As opposed to UASE, Clarity examines change between $\mathbf{A}^{(1)}$ and $\mathbf{A}^{(2)}$ by a quantity called persistence. These are defined as

\begin{equation*}

\mathbf{P}_i = \sum_{j =1}^{n}\left( \mathbf{A}_{ij}^{(2)} -\hat{\mathbf{A}}_{ij}^{(2)} \right)

\end{equation*}

The intuition here is that the persistences will capture structure in $\mathbf{A}^{(2)}$ that is not present in or explained by $\mathbf{A}^{(1)}$.

Returning to our example problem, we can see heatmaps of $\mathbf{A}^{(1)}$ and $\mathbf{A}^{(2)}$ alongside their Clarity estimates:

Looking at the figure above we can see that the Clarity estimate of ${\mathbf{A}^{(2)}}$ does not capture the third cluster that appears in the second graph and therefore should identify these nodes as anomalies.

## Comparison

We can use receiver operating characteristic (ROC) curves to assess the success of our two methods. Given a score (in our case either the distance between latent positions or persistences) it plots the false positive rate against the true positive rate for a sequence of thresh-holds. We can see the ROCs below for $d = 2,3,4,5,6$

We can see that in lower dimensions UASE outperforms Clarity, but the performance degrades over time. This becomes a common problem in real world applications where the best choice for $d$ is unknown. Clarity on the other hand, does not have the same power as UASE but is more robust to dimension. Another difference between the two methods is that by allowing changes in relationship in the model, it is designed to cope with the entire graph changing a little bit.

# Conclusion

We have now introduced two methods for identifying change and compared their performance in a simple example. One method produces stronger results overall but is much more sensitive to the choice of dimension than the other. My current research looks to investigate why Clarity succeeds in this area when many other methods fail, with the ultimate goal of using this knowledge to modify more powerful methods to also have this feature.

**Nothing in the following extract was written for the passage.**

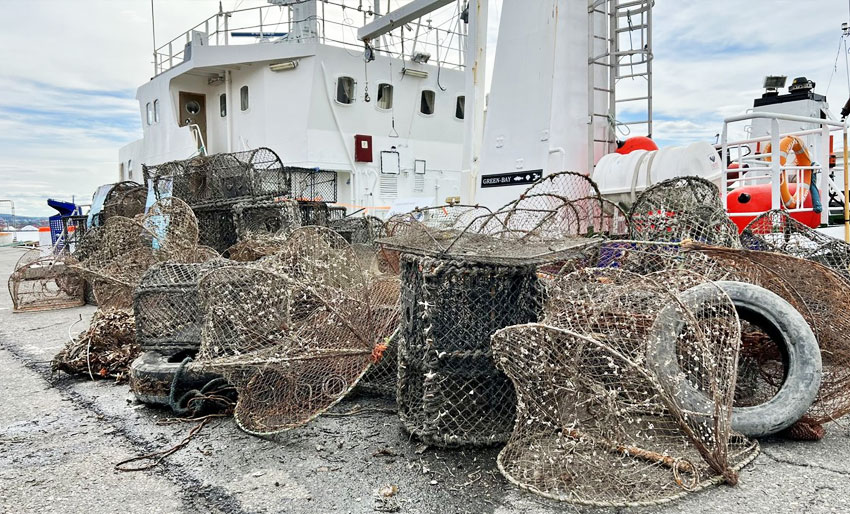 Nesten alle manglet råtnetråd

[1] Jones, A., & Rubin-Delanchy, P. (2020). The multilayer random dot product graph. *arXiv preprint arXiv:2007.10455*.

[2] Lawson, D. J., Solanki, V., Yanovich, I., Dellert, J., Ruck, D., & Endicott, P. (2021). CLARITY: comparing heterogeneous data using dissimilarity. *Royal Society Open Science*, *8*(12), 202182.

[3] Wikipedia contributors. (2024, June 11). Singular value decomposition. In *Wikipedia, The Free Encyclopedia*. Retrieved 09:54, July 1, 2024, from https://en.wikipedia.org/w/index.php?title=Singular_value_decomposition&oldid=1228566091

[4] Gallagher, I., Jones, A., & Rubin-Delanchy, P. (2021). Spectral embedding for dynamic networks with stability guarantees. *Advances in Neural Information Processing Systems*, *34*, 10158-10170.